DATA FOR REVIEW START

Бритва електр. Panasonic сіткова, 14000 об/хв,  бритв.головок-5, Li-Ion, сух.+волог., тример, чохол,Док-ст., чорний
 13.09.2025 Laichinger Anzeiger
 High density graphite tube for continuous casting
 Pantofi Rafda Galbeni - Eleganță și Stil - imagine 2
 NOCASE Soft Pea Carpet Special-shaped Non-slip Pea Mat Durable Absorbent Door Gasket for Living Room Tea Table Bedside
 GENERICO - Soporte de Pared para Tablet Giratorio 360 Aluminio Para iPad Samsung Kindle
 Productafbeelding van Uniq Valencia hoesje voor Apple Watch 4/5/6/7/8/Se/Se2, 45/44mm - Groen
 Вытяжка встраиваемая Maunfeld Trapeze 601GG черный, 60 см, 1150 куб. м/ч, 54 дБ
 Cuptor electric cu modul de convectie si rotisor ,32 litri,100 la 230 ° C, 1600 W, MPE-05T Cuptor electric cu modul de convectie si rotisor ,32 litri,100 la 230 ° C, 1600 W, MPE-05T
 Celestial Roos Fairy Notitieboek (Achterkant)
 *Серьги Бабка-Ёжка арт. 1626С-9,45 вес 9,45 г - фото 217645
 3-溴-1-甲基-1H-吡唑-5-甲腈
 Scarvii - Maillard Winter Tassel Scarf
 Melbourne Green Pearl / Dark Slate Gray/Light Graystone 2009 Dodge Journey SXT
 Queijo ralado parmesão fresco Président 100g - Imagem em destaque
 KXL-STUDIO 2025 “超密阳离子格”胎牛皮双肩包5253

DATA FOR REVIEW END

• ABOUT THIS EXERCISE
Set down the data once more, exactly as shown above.

• REPLY TO THE EXERCISE
Бритва електр. Panasonic сіткова, 14000 об/хв,  бритв.головок-5, Li-Ion, сух.+волог., тример, чохол,Док-ст., чорний
 13.09.2025 Laichinger Anzeiger
 High density graphite tube for continuous casting
 Pantofi Rafda Galbeni - Eleganță și Stil - imagine 2
 NOCASE Soft Pea Carpet Special-shaped Non-slip Pea Mat Durable Absorbent Door Gasket for Living Room Tea Table Bedside
 GENERICO - Soporte de Pared para Tablet Giratorio 360 Aluminio Para iPad Samsung Kindle
 Productafbeelding van Uniq Valencia hoesje voor Apple Watch 4/5/6/7/8/Se/Se2, 45/44mm - Groen
 Вытяжка встраиваемая Maunfeld Trapeze 601GG черный, 60 см, 1150 куб. м/ч, 54 дБ
 Cuptor electric cu modul de convectie si rotisor ,32 litri,100 la 230 ° C, 1600 W, MPE-05T Cuptor electric cu modul de convectie si rotisor ,32 litri,100 la 230 ° C, 1600 W, MPE-05T
 Celestial Roos Fairy Notitieboek (Achterkant)
 *Серьги Бабка-Ёжка арт. 1626С-9,45 вес 9,45 г - фото 217645
 3-溴-1-甲基-1H-吡唑-5-甲腈
 Scarvii - Maillard Winter Tassel Scarf
 Melbourne Green Pearl / Dark Slate Gray/Light Graystone 2009 Dodge Journey SXT
 Queijo ralado parmesão fresco Président 100g - Imagem em destaque
 KXL-STUDIO 2025 “超密阳离子格”胎牛皮双肩包5253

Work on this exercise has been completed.